• _Prompt_
Leave out the pictures and output exactly the lines below from the one with "Серый Пежо 405, объемом" down to the one with "Cougar MX600 Mid", both of them included.

═════ Data supplied

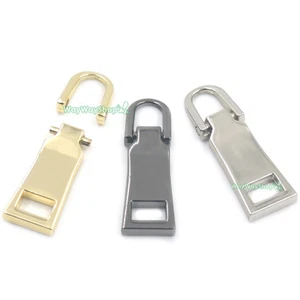 Zipper Fixer Repair #5 Slider Pull Tab Instant Kit Pant Molded Fix Replacement K - Imagen 1 de 7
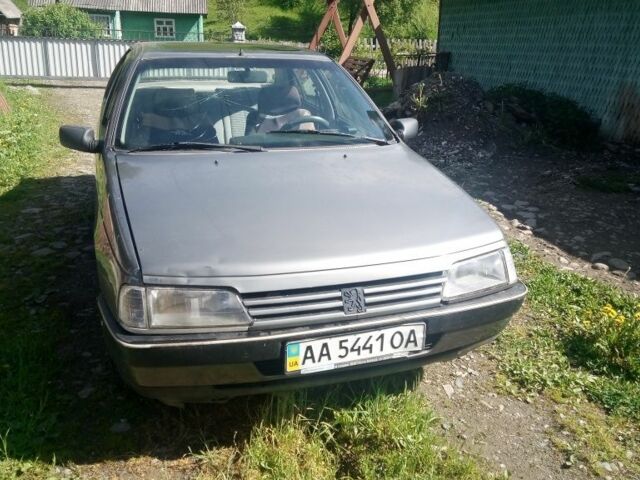 Серый Пежо 405, объемом двигателя 1.9 л и пробегом 100 тыс. км за 550 $, фото 1 на Automoto.ua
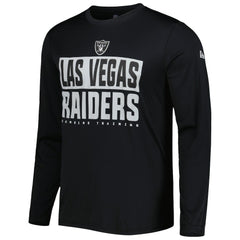 Las Vegas Raiders New Era Combine Authentic Offsides Long Sleeve T-Shirt Black - NFL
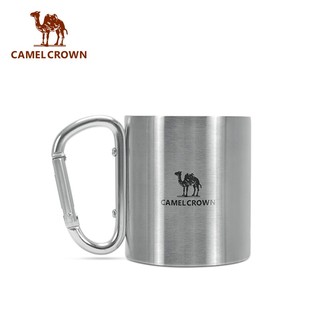Camel Crown Cốc Cà Phê Bằng Thép Không Gỉ Hình Vương Miện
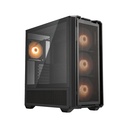 Cougar MX600 Mid Tower Tempered Glass Side Panel Case with 4 RGB Fans - Black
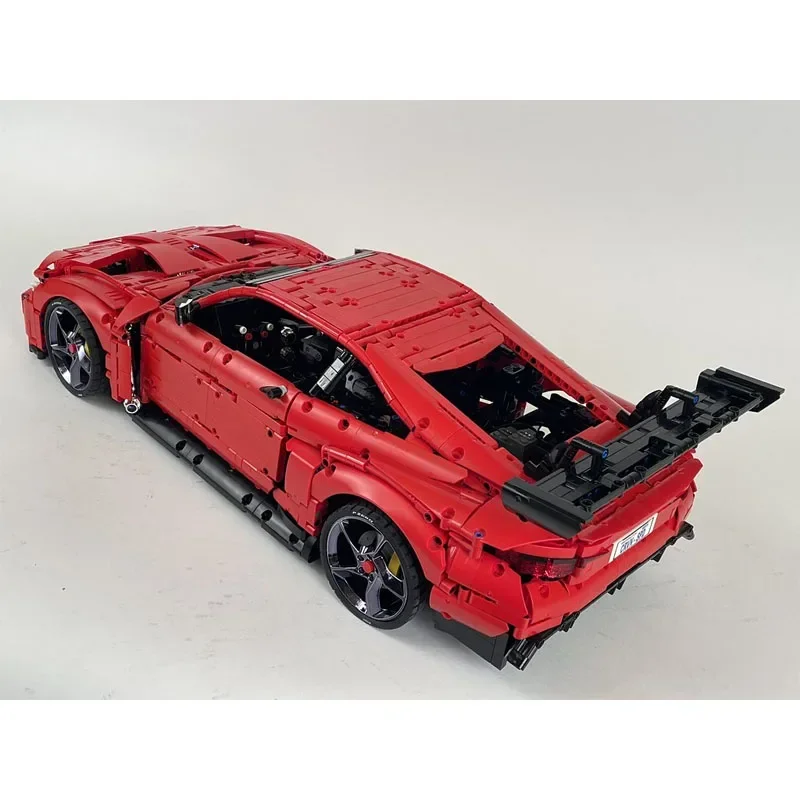 Famous Designer New MOC-161785 Super Racing M4 GT3 Classic Sports Car 3780pcs 1:8 Scale Racing Building Block Toy Boy DIY Toys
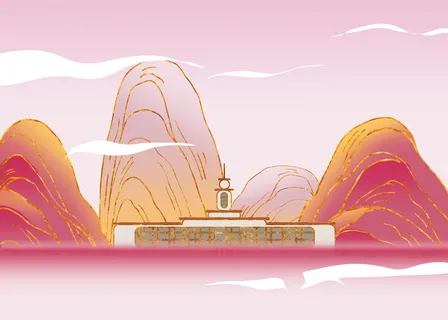 国潮鎏金南开大学主楼地标建筑 国潮鎏金南开大学主楼地标建筑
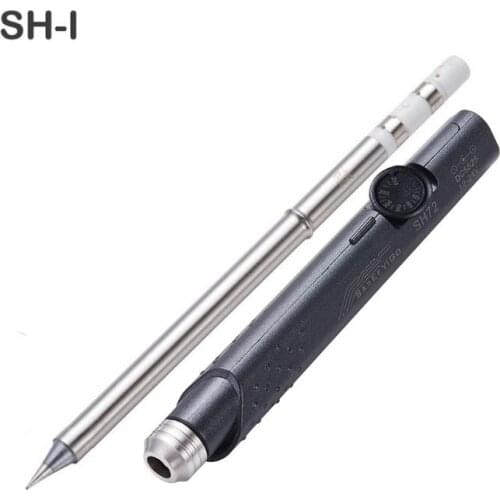 SH72 Portable Electric Iron Anti-Skid Handle Mini Welding Table DC 12V-24V Constant Temperature 220-4000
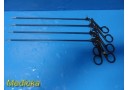 4X JARIT 600-115 / A600-115 Laparoscopic Monopolar Forceps | 5mm | 16" ~ 37953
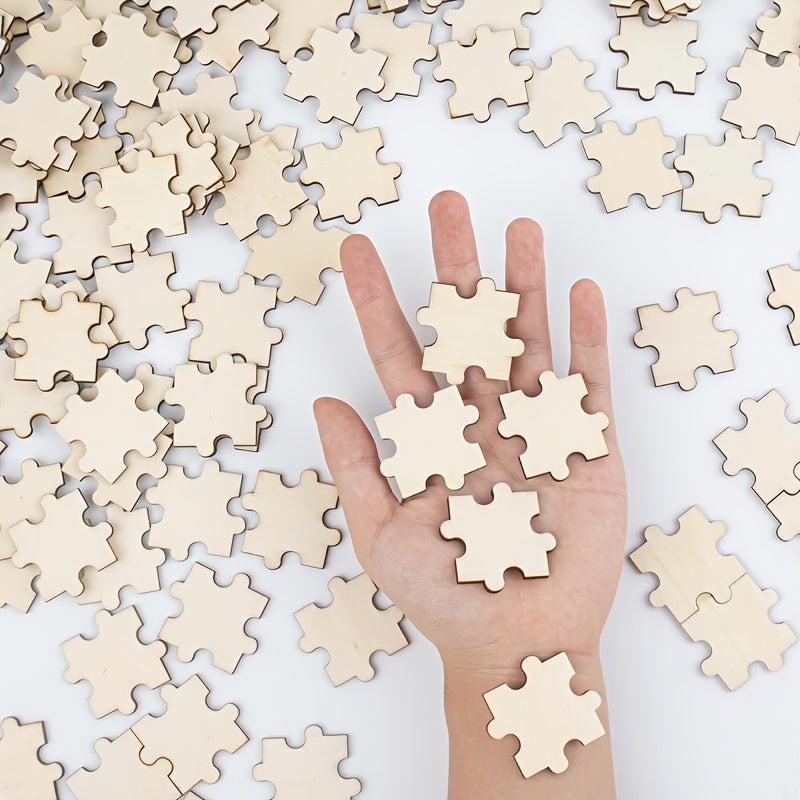 DIY Wooden Puzzles for Crafts and Painting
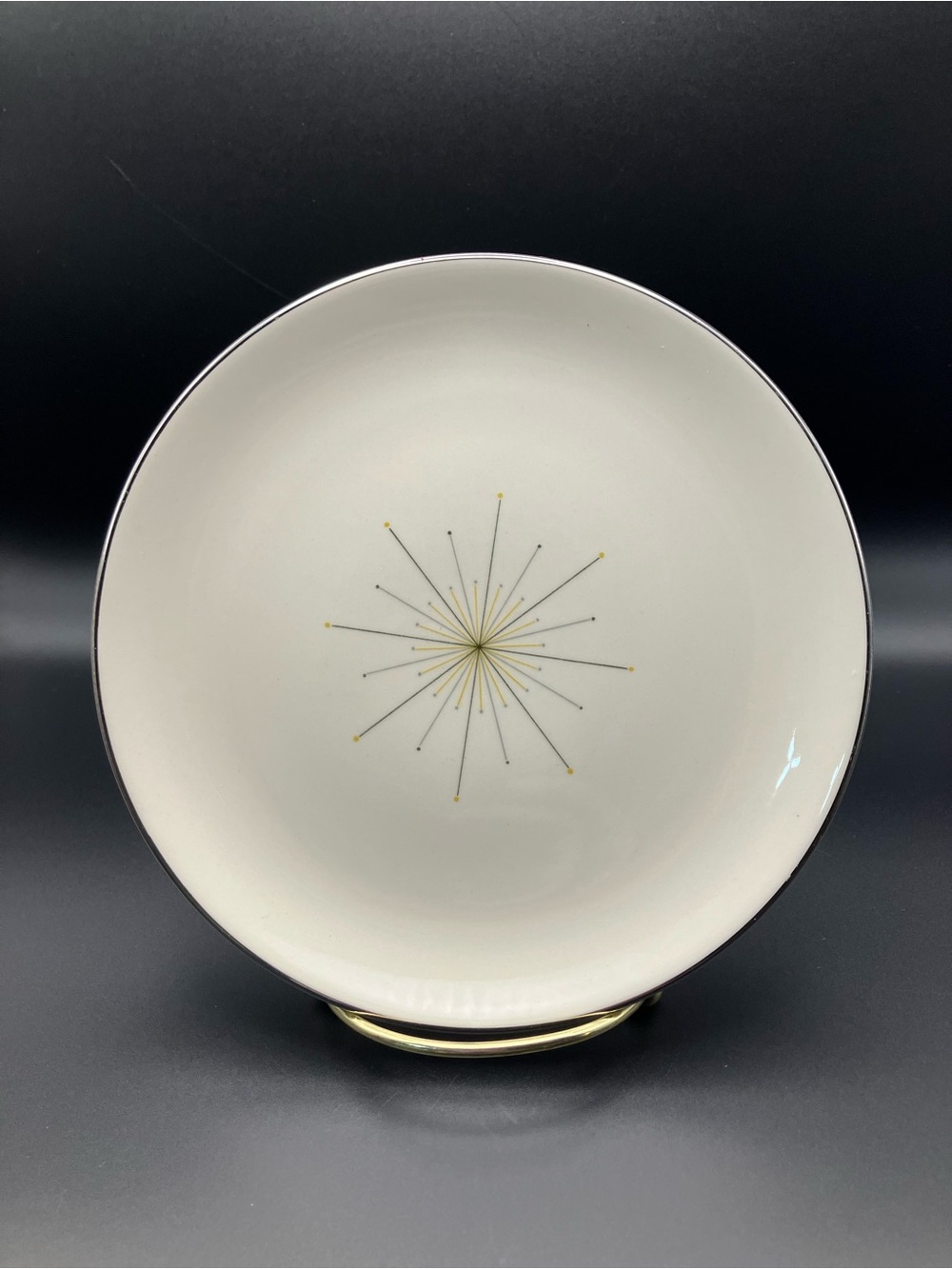 MCM Homer Laughlin Atomic Modern Star Small Plate Salad /Dessert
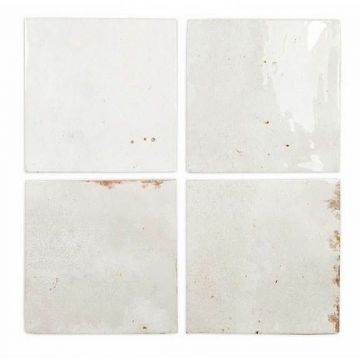 Настенная плитка DNA Tiles (ДНА Тайлс) Enamel Square White 12.5x12.5 см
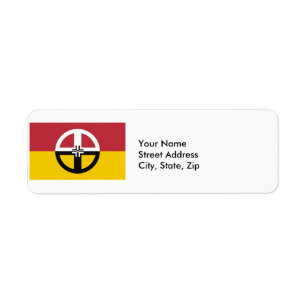 Medicine Wheel Return Address Label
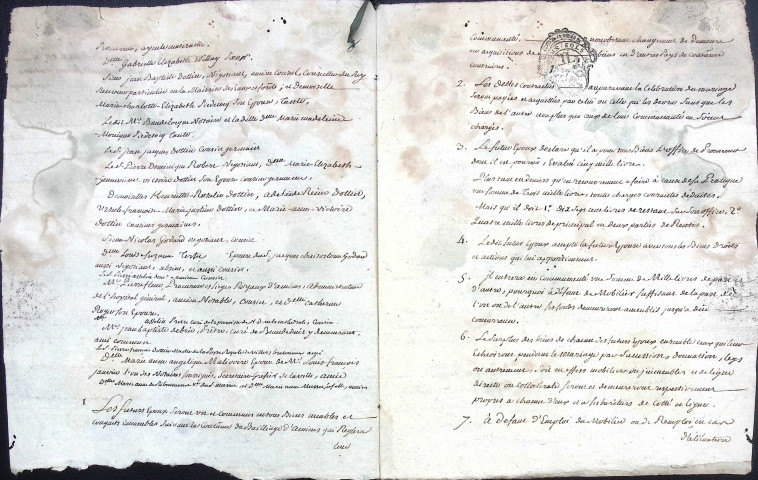 Etude de Me Louis François Janvier à Amiens (étude n°2). Minutes de l’année 1777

══════════

• _Answer section_
 Серый Пежо 405, объемом двигателя 1.9 л и пробегом 100 тыс. км за 550 $, фото 1 на Automoto.ua
 Las Vegas Raiders New Era Combine Authentic Offsides Long Sleeve T-Shirt Black - NFL
Camel Crown Cốc Cà Phê Bằng Thép Không Gỉ Hình Vương Miện
 Cougar MX600 Mid Tower Tempered Glass Side Panel Case with 4 RGB Fans - Black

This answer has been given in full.